Task. Pictures stay out; please output the remaining data exactly.

Data for processing.
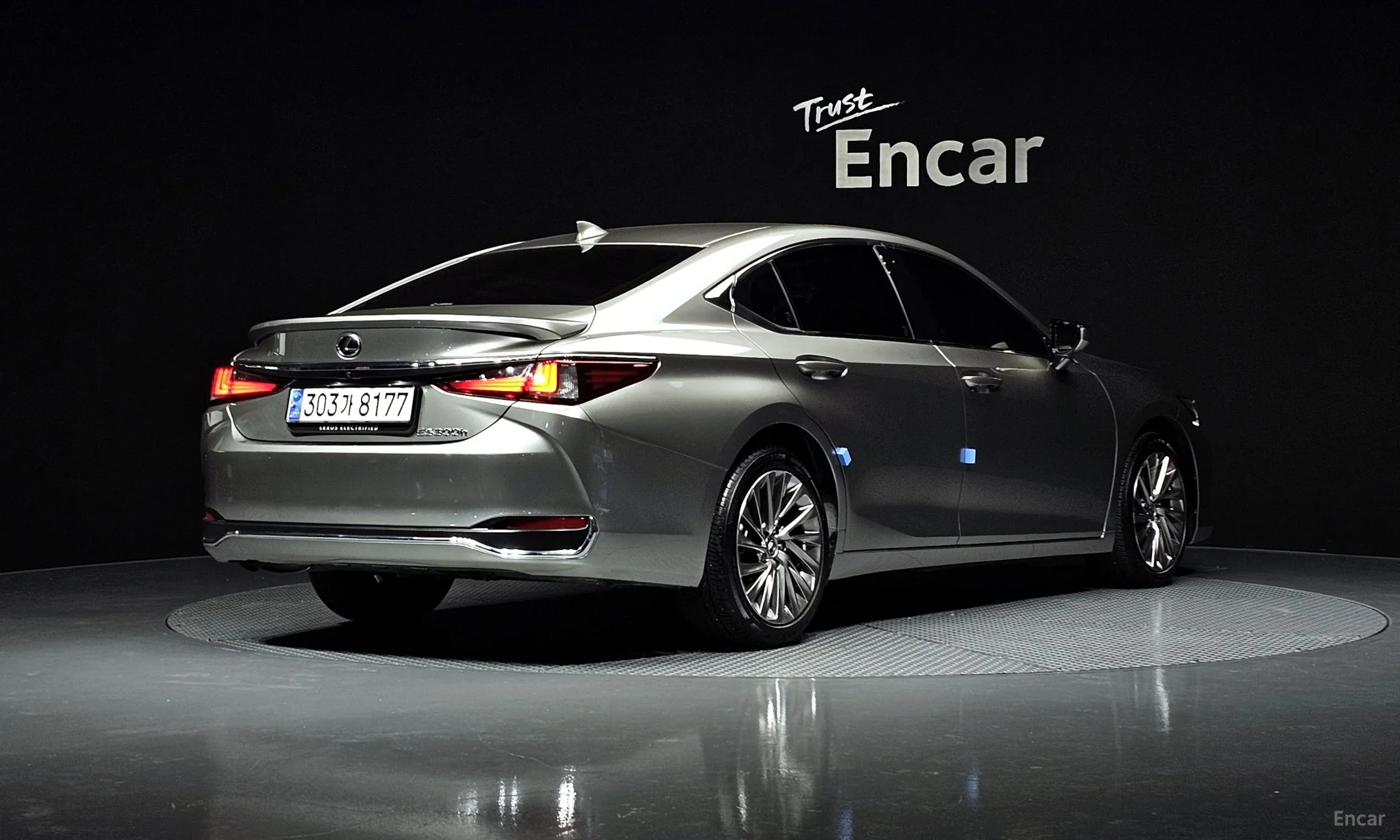 Lexus ES300h 7th Generation превью 2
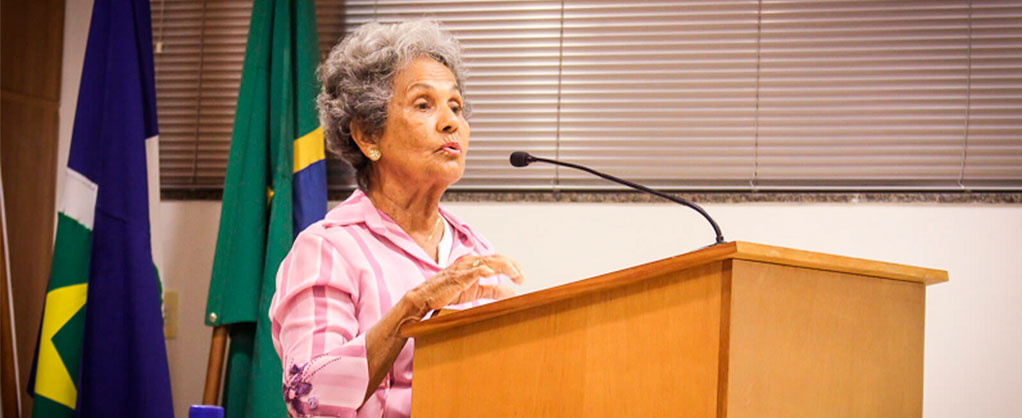 A Acad. Nilza Queiroz Freire declamou a poesia “O MEU NOME É MULHER”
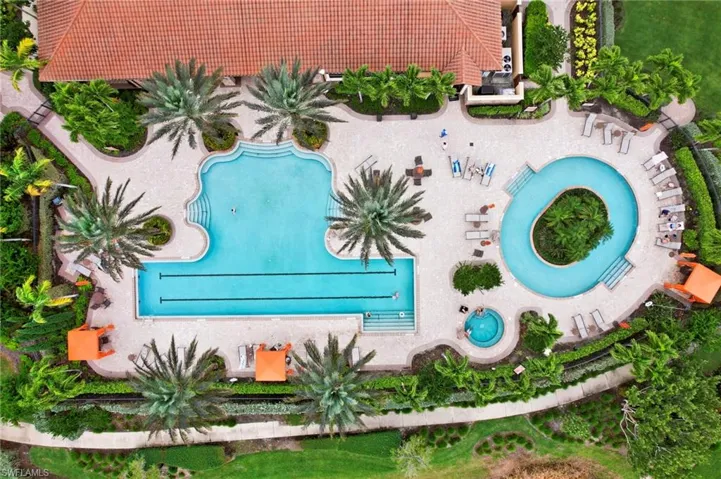 Clubhouse pool, reistance pool and spa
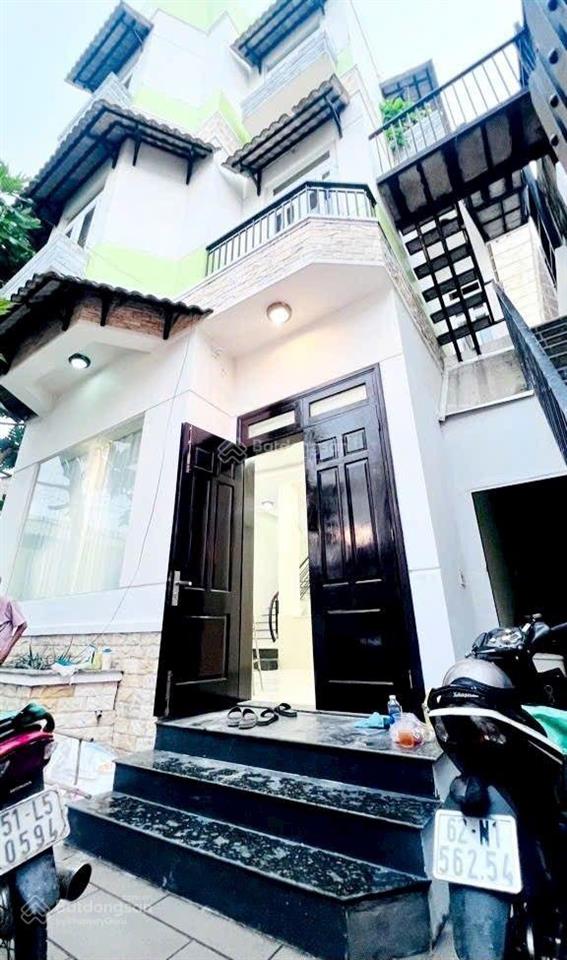 Bán nhà đẹp 3 tầng ngang 8,6m  gần lotte mart  sát him lam chỉ 8,8 tỷ. hoàng trọng mậu
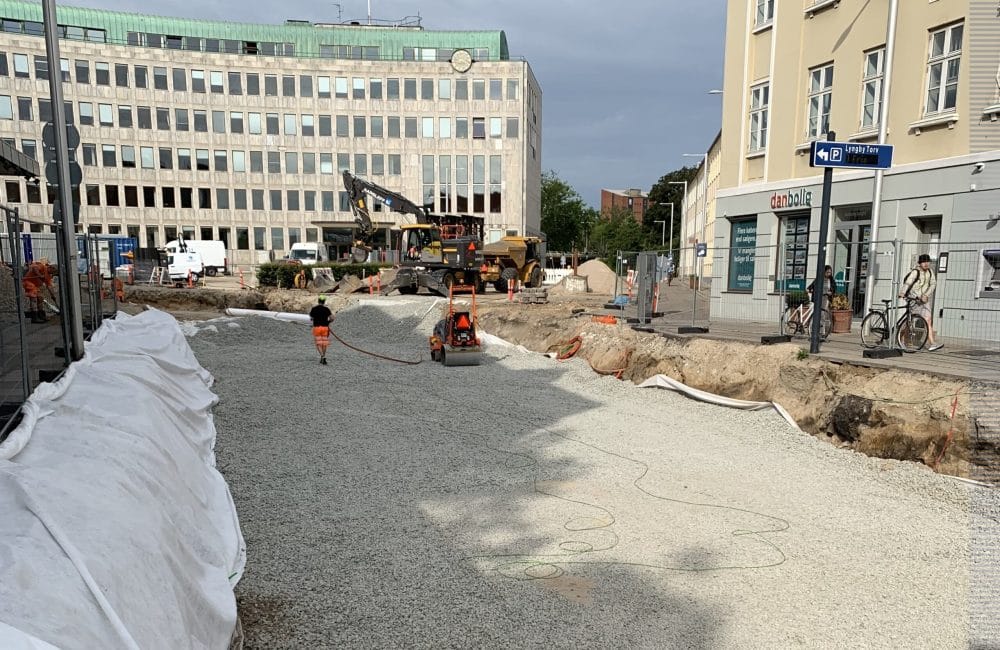 I 8-10 meters dybde er undergrunden i Lyngby for blød til at kunne klare det øgede pres, som letbanen vil give. Her er Durapor® brugt til at hjælpe med at forstærke jordbunden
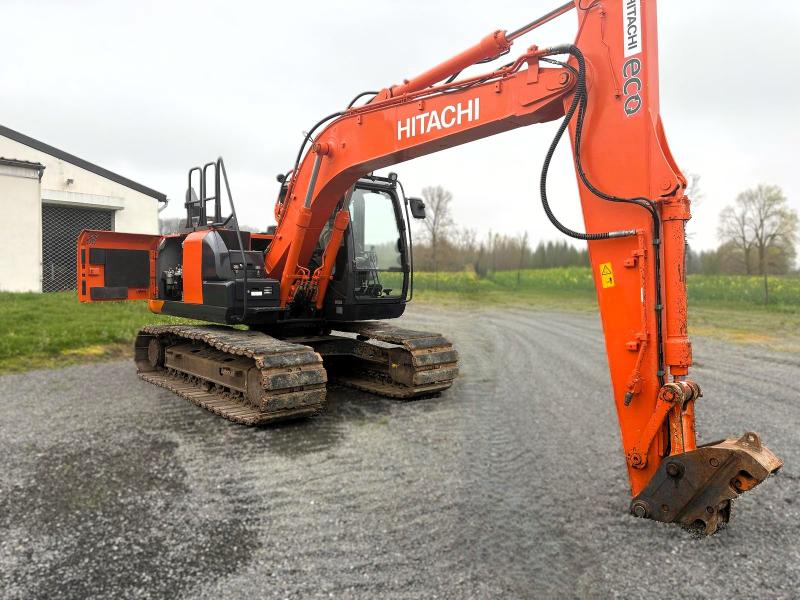 Pelle Hitachi ZX130LCN-6 Pelle sur chenilles 14T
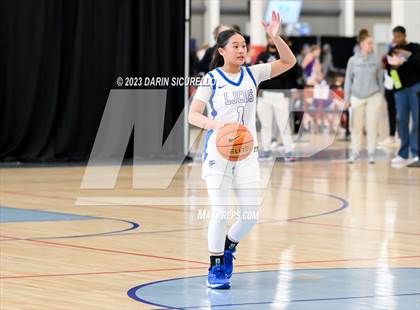 Thumbnail 2 in La Jolla Country Day vs. Willamette (Nike Tournament of Champions) photogallery.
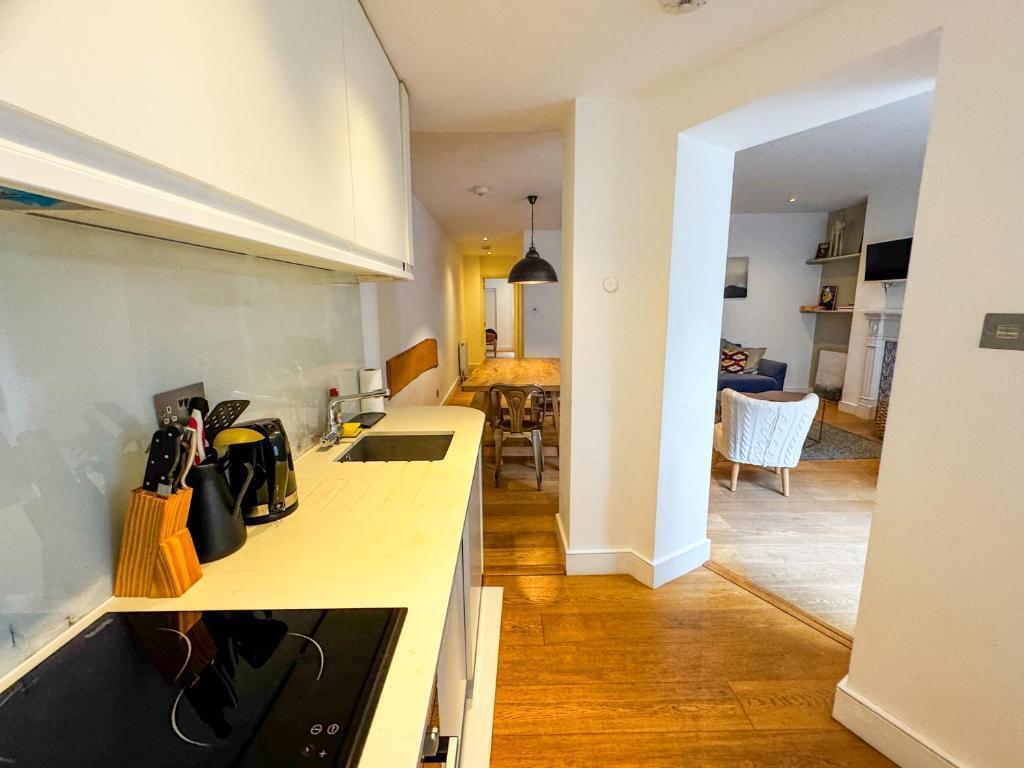 Flat 1, Comeragh Road, London Image 7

Result of this exercise.
 Lexus ES300h 7th Generation превью 2
 A Acad. Nilza Queiroz Freire declamou a poesia “O MEU NOME É MULHER”
 Clubhouse pool, reistance pool and spa
 Bán nhà đẹp 3 tầng ngang 8,6m  gần lotte mart  sát him lam chỉ 8,8 tỷ. hoàng trọng mậu
 I 8-10 meters dybde er undergrunden i Lyngby for blød til at kunne klare det øgede pres, som letbanen vil give. Her er Durapor® brugt til at hjælpe med at forstærke jordbunden
 Pelle Hitachi ZX130LCN-6 Pelle sur chenilles 14T
 Thumbnail 2 in La Jolla Country Day vs. Willamette (Nike Tournament of Champions) photogallery.
 Flat 1, Comeragh Road, London Image 7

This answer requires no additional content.